Dynamic dielectric function and phonon self-energy from electrons strongly correlated with acoustic phonons in 2D Dirac crystals.

The unique structure of two-dimensional (2D) Dirac crystals, with electronic bands linear in the proximity of the Brillouin-zone boundary and the Fermi energy, creates anomalous situations where small Fermi-energy perturbations (e.g., by impurities and quasiparticles) are known to critically affect the electron-related lattice properties of the whole system. The Fermi-surface nesting conditions determining such effects via electron-phonon interaction, require accurate estimates of the crystal's response function (χ) as a function of the phonon wavevector q for any values of temperature, as well as realistic hypotheses on the nature of the phonons involved.
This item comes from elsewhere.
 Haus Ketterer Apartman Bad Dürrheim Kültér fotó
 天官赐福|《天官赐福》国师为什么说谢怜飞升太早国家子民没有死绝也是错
Numerous analytical estimates of χ(q) for 2D Dirac crystals beyond the Thomas-Fermi approximation have been so far carried out only in terms of dielectric response function χ(q, ω), for photon and optical-phonon perturbations, due to relative ease of incorporating a q-independent oscillation frequency (ω) in their calculation. However, models accounting for Dirac-electron interaction with ever-existing acoustic phonons, for which ω does depend on q and is therefore dispersive, are essential to understand many critical crystal properties, including electrical and thermal transport. The lack of such models has often led to assume that the dielectric response function χ(q) in these systems can be understood from free-electron behavior, or statically, and from zero-temperature behavior. Here, we show that, different from free-electron systems, χ(q) calculated from acoustic phonons in 2D Dirac crystals using the Lindhard model, exhibits a cuspidal point at the FSN condition even in the static case and at 0 K. Strong variability of ∂χ/∂q persists also at finite temperatures, while χ(q) may tend to infinity in the dynamic case even where the speed of sound is small, albeit nonnegligible, over the Dirac-electron Fermi velocity. The implications of our findings for electron-acoustic phonon interaction and transport properties such as the phonon linewidth derived from the phonon self energy will also be discussed.&#xD.